The Tribune poll shows half of the 600 likely registered voters surveyed disapprove of Quinn's job performance in the 19 months since he replaced impeached governor Rod Blagojevich, and only 26 percent have a favorable impression of the sitting governor.
Meanwhile, 4 in 10 voters surveyed held no opinion of Brady, and just 19 percent had an unfavorable view of him.
"As voters learn more about Bill Brady -- they already know about Governor Quinn -- they are going to take a closer look at myself," said Green Party nominee Rich Whitney.
Like Whitney, Libertarian Party contender Lex Green has 2 percent of polled voters' support.

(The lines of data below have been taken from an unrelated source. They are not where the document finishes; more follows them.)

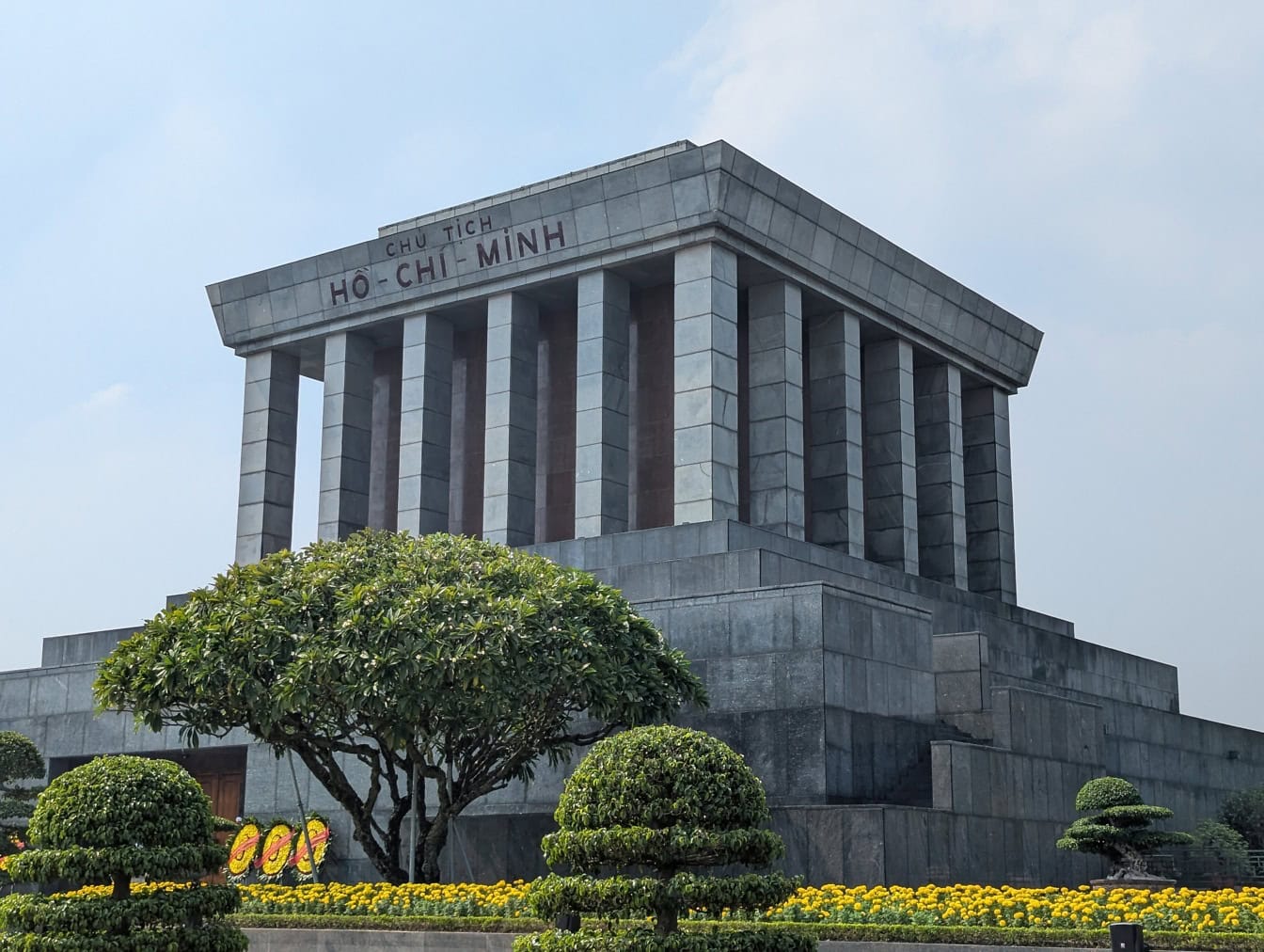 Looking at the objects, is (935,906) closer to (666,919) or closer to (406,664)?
(666,919)

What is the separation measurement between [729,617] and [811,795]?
3.41 metres

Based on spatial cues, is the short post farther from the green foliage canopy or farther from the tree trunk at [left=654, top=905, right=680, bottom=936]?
the green foliage canopy

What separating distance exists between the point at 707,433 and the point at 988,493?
14313 millimetres

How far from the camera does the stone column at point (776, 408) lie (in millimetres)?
36062

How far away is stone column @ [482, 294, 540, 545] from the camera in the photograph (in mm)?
36938

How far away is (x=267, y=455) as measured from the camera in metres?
42.3

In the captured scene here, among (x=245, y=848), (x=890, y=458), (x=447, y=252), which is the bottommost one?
(x=245, y=848)

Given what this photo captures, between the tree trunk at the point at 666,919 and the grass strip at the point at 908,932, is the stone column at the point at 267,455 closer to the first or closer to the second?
the grass strip at the point at 908,932

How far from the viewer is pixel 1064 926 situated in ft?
55.6

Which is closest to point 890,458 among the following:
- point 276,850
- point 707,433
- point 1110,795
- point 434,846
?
point 707,433

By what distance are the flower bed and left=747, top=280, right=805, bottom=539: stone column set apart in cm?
1481

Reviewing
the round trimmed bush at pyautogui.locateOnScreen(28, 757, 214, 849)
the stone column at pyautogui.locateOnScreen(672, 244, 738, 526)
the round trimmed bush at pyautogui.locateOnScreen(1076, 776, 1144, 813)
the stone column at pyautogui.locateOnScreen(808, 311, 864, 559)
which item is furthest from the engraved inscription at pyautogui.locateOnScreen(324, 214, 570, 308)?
the round trimmed bush at pyautogui.locateOnScreen(28, 757, 214, 849)

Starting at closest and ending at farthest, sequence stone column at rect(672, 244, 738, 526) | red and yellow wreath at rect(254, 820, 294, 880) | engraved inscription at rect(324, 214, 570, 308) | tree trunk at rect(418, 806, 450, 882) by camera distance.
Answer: tree trunk at rect(418, 806, 450, 882) < red and yellow wreath at rect(254, 820, 294, 880) < stone column at rect(672, 244, 738, 526) < engraved inscription at rect(324, 214, 570, 308)

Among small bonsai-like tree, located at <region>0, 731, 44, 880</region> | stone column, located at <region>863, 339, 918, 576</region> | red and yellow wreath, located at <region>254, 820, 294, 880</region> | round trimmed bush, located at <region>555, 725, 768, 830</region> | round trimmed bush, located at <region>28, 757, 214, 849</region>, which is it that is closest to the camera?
round trimmed bush, located at <region>555, 725, 768, 830</region> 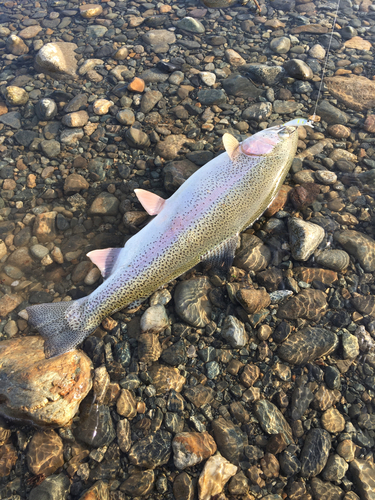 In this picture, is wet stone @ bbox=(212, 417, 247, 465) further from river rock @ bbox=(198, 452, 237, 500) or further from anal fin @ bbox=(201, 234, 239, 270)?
anal fin @ bbox=(201, 234, 239, 270)

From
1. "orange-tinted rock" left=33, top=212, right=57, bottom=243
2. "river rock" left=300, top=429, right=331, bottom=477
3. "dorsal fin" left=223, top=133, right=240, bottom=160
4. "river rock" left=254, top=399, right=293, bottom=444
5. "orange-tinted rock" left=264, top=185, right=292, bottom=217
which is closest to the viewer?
"river rock" left=300, top=429, right=331, bottom=477

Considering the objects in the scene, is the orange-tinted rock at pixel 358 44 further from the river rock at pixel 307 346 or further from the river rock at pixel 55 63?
the river rock at pixel 307 346

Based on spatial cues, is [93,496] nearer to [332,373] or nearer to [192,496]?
[192,496]

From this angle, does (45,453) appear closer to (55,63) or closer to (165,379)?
(165,379)

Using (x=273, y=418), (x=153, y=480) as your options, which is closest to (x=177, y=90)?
(x=273, y=418)

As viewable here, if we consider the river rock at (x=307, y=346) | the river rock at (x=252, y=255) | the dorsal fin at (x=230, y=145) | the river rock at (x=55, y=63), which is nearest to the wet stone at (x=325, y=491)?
the river rock at (x=307, y=346)

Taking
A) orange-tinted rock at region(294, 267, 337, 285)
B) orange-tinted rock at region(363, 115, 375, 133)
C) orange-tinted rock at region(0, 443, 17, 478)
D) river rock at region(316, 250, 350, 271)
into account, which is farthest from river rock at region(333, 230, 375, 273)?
orange-tinted rock at region(0, 443, 17, 478) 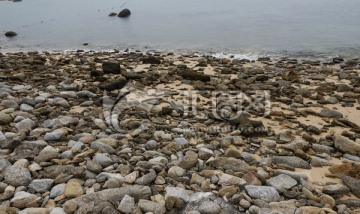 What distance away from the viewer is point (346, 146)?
17.2 ft

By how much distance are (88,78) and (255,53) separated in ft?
29.3

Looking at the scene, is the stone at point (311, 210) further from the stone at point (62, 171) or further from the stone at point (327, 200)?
the stone at point (62, 171)

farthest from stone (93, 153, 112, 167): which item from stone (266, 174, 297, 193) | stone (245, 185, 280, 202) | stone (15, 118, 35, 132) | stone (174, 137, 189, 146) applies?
stone (266, 174, 297, 193)

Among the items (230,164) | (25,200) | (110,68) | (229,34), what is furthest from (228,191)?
(229,34)

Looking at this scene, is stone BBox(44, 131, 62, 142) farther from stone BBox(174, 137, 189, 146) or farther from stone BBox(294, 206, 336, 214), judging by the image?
stone BBox(294, 206, 336, 214)

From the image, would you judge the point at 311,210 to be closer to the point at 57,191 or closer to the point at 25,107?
the point at 57,191

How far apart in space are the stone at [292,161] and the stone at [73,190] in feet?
8.82

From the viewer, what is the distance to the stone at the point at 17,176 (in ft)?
12.8

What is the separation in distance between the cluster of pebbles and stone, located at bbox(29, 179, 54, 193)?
0.01 m

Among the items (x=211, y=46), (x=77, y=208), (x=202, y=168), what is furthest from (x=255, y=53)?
(x=77, y=208)

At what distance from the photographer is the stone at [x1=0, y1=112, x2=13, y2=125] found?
18.6 feet

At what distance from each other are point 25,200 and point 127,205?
3.73 feet

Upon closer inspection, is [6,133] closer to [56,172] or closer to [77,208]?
[56,172]

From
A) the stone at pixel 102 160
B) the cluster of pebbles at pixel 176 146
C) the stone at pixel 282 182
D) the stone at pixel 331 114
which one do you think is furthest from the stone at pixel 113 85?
the stone at pixel 282 182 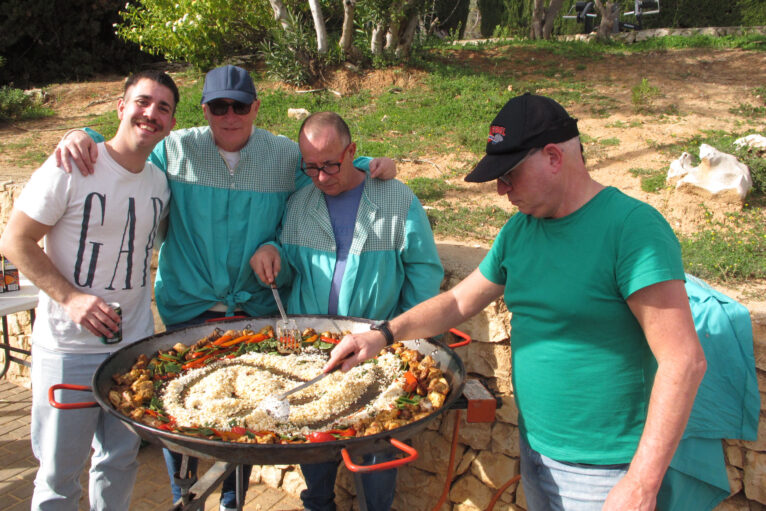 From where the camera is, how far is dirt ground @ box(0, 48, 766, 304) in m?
6.35

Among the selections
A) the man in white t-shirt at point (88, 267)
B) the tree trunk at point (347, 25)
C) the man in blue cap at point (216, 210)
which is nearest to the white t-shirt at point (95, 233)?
the man in white t-shirt at point (88, 267)

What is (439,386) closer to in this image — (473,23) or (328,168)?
(328,168)

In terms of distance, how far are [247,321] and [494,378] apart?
1.39 metres

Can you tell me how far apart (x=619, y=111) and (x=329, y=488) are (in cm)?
738

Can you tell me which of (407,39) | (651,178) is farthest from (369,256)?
(407,39)

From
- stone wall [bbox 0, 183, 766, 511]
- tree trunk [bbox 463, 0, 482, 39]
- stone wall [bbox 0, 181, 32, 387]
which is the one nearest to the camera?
stone wall [bbox 0, 183, 766, 511]

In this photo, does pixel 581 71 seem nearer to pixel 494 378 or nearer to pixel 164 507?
pixel 494 378

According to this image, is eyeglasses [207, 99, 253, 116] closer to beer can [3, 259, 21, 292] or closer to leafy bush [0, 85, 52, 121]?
beer can [3, 259, 21, 292]

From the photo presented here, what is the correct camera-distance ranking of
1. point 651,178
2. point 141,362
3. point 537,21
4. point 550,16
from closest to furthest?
point 141,362
point 651,178
point 550,16
point 537,21

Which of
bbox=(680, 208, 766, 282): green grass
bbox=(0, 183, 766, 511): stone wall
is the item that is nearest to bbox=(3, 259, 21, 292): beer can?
bbox=(0, 183, 766, 511): stone wall

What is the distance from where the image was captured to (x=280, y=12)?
10.6 metres

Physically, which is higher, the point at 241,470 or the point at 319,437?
the point at 319,437

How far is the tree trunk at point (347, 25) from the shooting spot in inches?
398

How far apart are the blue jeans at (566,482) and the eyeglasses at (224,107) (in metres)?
1.81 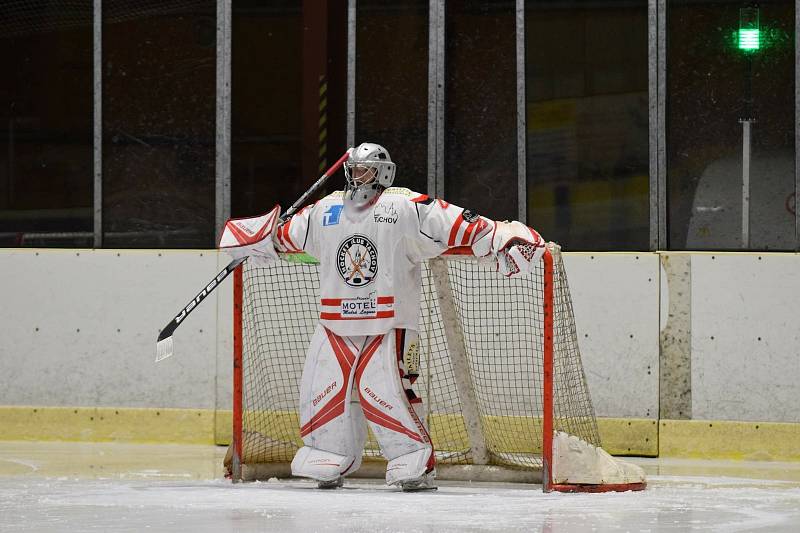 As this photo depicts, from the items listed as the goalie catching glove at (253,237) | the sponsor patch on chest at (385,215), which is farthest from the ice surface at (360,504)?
the sponsor patch on chest at (385,215)

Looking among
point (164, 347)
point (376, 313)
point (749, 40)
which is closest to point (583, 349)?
point (749, 40)

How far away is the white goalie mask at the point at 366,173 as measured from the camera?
23.7 feet

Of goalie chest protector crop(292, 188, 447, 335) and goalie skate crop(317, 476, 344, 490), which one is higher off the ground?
goalie chest protector crop(292, 188, 447, 335)

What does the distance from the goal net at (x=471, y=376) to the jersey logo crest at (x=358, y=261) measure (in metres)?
0.46

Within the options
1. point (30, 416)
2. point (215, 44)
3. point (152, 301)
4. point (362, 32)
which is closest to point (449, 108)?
point (362, 32)

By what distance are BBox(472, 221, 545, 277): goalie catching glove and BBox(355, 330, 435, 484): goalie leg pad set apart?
58 centimetres

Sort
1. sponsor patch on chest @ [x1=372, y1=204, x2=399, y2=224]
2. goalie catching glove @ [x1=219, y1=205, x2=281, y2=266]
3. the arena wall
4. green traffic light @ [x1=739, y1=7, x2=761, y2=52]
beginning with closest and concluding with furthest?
sponsor patch on chest @ [x1=372, y1=204, x2=399, y2=224]
goalie catching glove @ [x1=219, y1=205, x2=281, y2=266]
the arena wall
green traffic light @ [x1=739, y1=7, x2=761, y2=52]

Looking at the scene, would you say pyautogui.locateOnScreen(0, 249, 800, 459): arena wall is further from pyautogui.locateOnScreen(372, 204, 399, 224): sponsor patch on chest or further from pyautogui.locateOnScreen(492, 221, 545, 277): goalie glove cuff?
pyautogui.locateOnScreen(372, 204, 399, 224): sponsor patch on chest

The standard telephone poll also shows former Democratic lieutenant governor nominee turned independent gubernatorial candidate Scott Lee Cohen has 4 percent.
Cohen says he's not a spoiler, but the only candidate with a real plan to create jobs in Illinois.
"Governor Quinn and Senator Brady are spending millions of dollars attacking each other. While they're doing that, I'm spending my own money to get real people real jobs," Cohen said.
"I don't need a lecture from anyone, especially Mr. Cohen. He's has a lot of explaining to do about with his particular business of pawn shops," Quinn said.
An August 7th Rasmussen poll showed Senator Brady held a double-digit margin lead over Pat Quinn by painting him as an incompetent leader and part of the status quo. Political experts say Governor Quinn is now gaining momentum by attacking Brady's social conservatism and his positions on an assault weapons ban and abortion.
"Quinn has to convince voters Brady's ideas are extreme. We're caught in a media warfare. Meanwhile, Brady has to portray Quinn as an incompetent leader who can't get the state's finances under control or both," political consultant Don Rose said.
The Brady campaign issued a statement Saturday night indicating it is happy with the poll numbers and that Brady has had the lead since March. The statement says the numbers show a lack of leadership by Governor Quinn.
Political experts say the governor's race will be close, with one of the most important factors being if Democrats will return to the fold.
The poll was conducted over five days beginning August 28 and has a margin of error of plus or minus four percentage points.